Could the data below be copied exactly, minus the pictures?

_DATA BLOCK_:

╭──

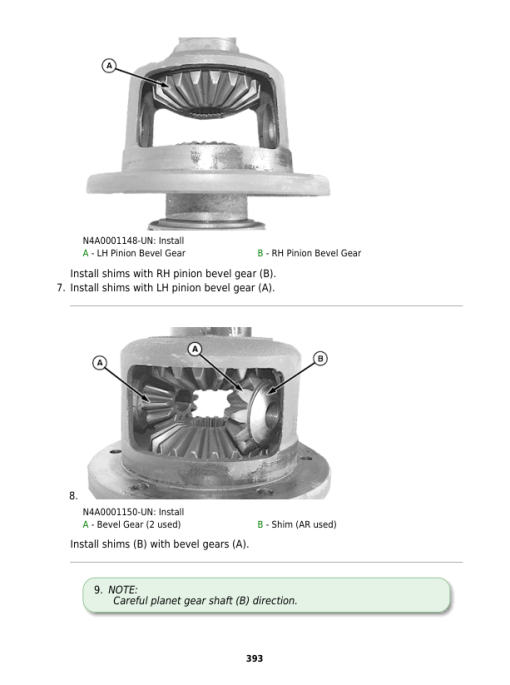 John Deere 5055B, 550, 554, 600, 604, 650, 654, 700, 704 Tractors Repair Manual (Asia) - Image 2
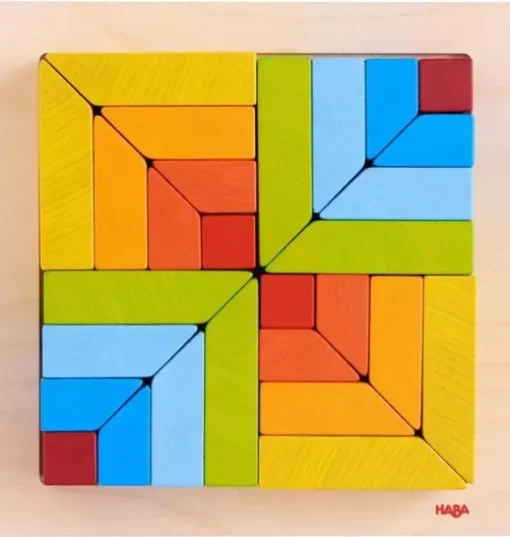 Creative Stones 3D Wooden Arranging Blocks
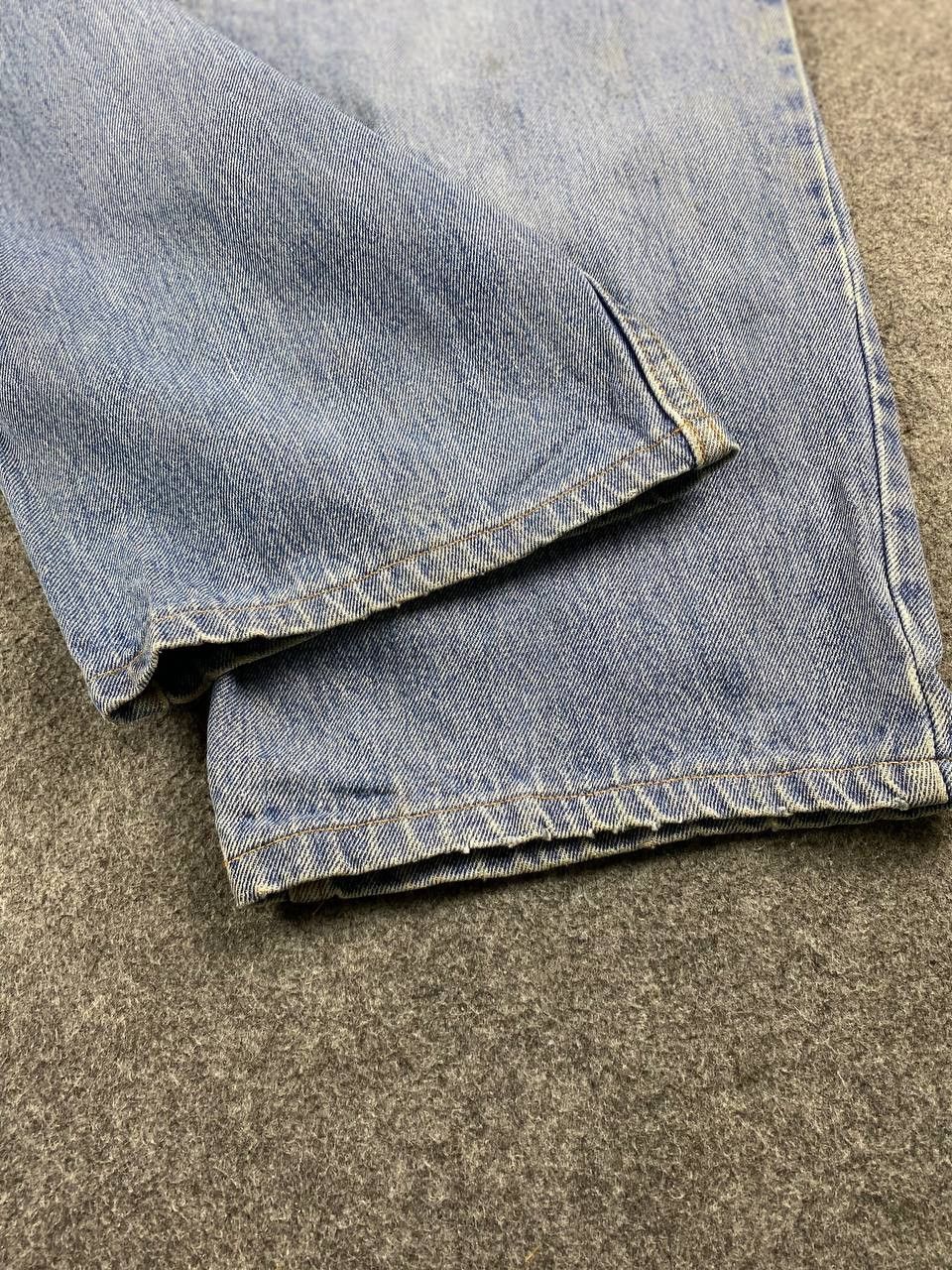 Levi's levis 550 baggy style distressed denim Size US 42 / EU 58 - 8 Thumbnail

╰──

_RESPONSE FOR THIS EXERCISE_:
 John Deere 5055B, 550, 554, 600, 604, 650, 654, 700, 704 Tractors Repair Manual (Asia) - Image 2
 Creative Stones 3D Wooden Arranging Blocks
 Levi's levis 550 baggy style distressed denim Size US 42 / EU 58 - 8 Thumbnail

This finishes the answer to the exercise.